Paryż: sensacja – Serena Williams poza turniejem!

/ Tomasz Krasoń , źródło: rolandgarros.com/własne, foto: AFP

Tego, co działo się na korcie centralnym imienia Philippe’a Chatrier nie da się opisać słowami. W jednym z ostatnich meczów pierwszej rundy Roland Garros doszło do olbrzymiej sensacji. Po niesamowitym, ponad trzygodzinnym boju, Virginie Razzano wyeliminowała wielką faworytkę turnieju, Serenę Williams! Francuzka triumfowała 4:6, 7:6(5), 6:3.

Od początku spotkania można było obserwować sporą niepewność w poczynaniach Sereny Williams. Amerykanka popełniała podejrzanie dużo niewymuszonych błędów i nie radziła sobie z grającą ofensywny i odważny tenis Virginie Razzano. Williams zaczęła odzyskiwać równowagę dopiero w drugiej fazie seta otwarcia, wyrównała na 4:4, a w końcówce wywalczyła przełamanie i triumfowała 6:4.

W drugiej odsłonie 29-letnia Razzano nie odpuszczała. Panie bardzo dobrze serwowały, przez co nie doszło do ani jednego przełamania. Losy seta musiał rozstrzygnąć tie break, którego początek zdecydowanie wskazywał na Williams. Serena zaczęła go w swoim stylu, ruszając mocno do ataku. Gdy tenisistki zmieniały strony przy prowadzeniu Amerykanki 5-1, chyba nikt nie podejrzewał, że mecz ten potrwa dłużej niż kilka minut. A jednak niemożliwe stało się faktem! Notowana na 111. miejscu w rankingu WTA Razzano zaczęła seryjnie wygrywać wymiany, a tenis niezwykle doświadczonej Williams stawał się z każdą chwilą coraz bardziej dziurawy. Ostatecznie Francuzka zdobyła sześć punktów z rzędu i wygrała tie breaka 7-5.

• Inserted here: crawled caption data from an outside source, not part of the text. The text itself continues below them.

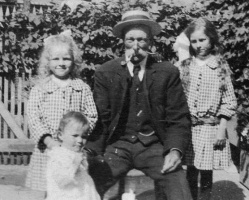James Hibbs (1859-1920) with grandchildren Madeleine, Beryl and Rosalie in 1917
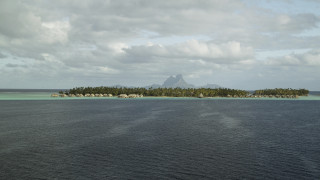 Small island houses mountain ocean - a mountain in the distance free wallpaper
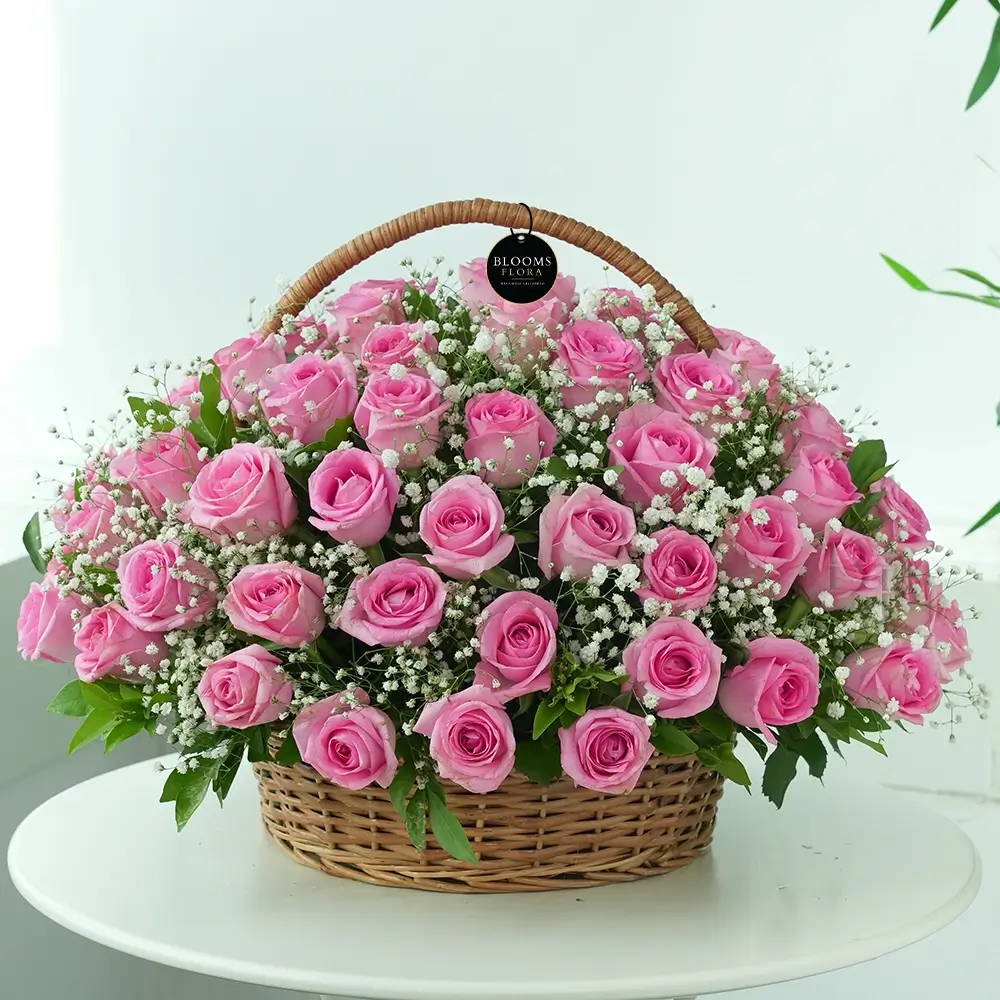 70 pink roses in a handle basket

Ci, którzy myśleli, że nie doświadczą już w tym meczu większych emocji, zostali wyprowadzeni z błędu w trzecim secie. Paryscy kibice przecierali oczy ze zdumienia, gdy zmagająca się z olbrzymim zmęczeniem i skurczami nóg Razzano zdobywała kolejne gemy. Po chwili na tablicy wyników widniało sensacyjne 5:0! Wówczas Serena po raz pierwszy utrzymała podanie. W kolejnym gemie serwisowym Francuzki przy stanie 30:30 miało miejsce szczególne wydarzenia – sędzia spotkania, Eva Asderaki, odebrała punkt Razzano za okrzyk ból, który wydała z siebie po odegraniu jednej z piłek. Na nic zdały się protesty i gwizdy publiczności – Francuzka musiała bronić break pointa. Za pierwszym razem jej się to udało, ale w przy trzecim okazała się bezradna. Przy stanie 5:3 doświadczyć można było swoistego deja vu. 30:30 i odebranie punktu Francuzce. Jak się okazało był to początek najbardziej dramatycznego gema tegorocznej edycji Roland Garros! Przed jego zakończeniem Razzano zmarnowała 7 piłek meczowych, a Williams 3 break pointy. Przy ósmym meczbolu dla Francuzki Amerykanka wyrzuciła piłkę na niewielki aut i po interwencji Evy Asderaki spotkanie zostało zakończone. Po ponad 3 godzinach gry Virginie Razzano triumfowała 4:6, 7:6(5), 6:3.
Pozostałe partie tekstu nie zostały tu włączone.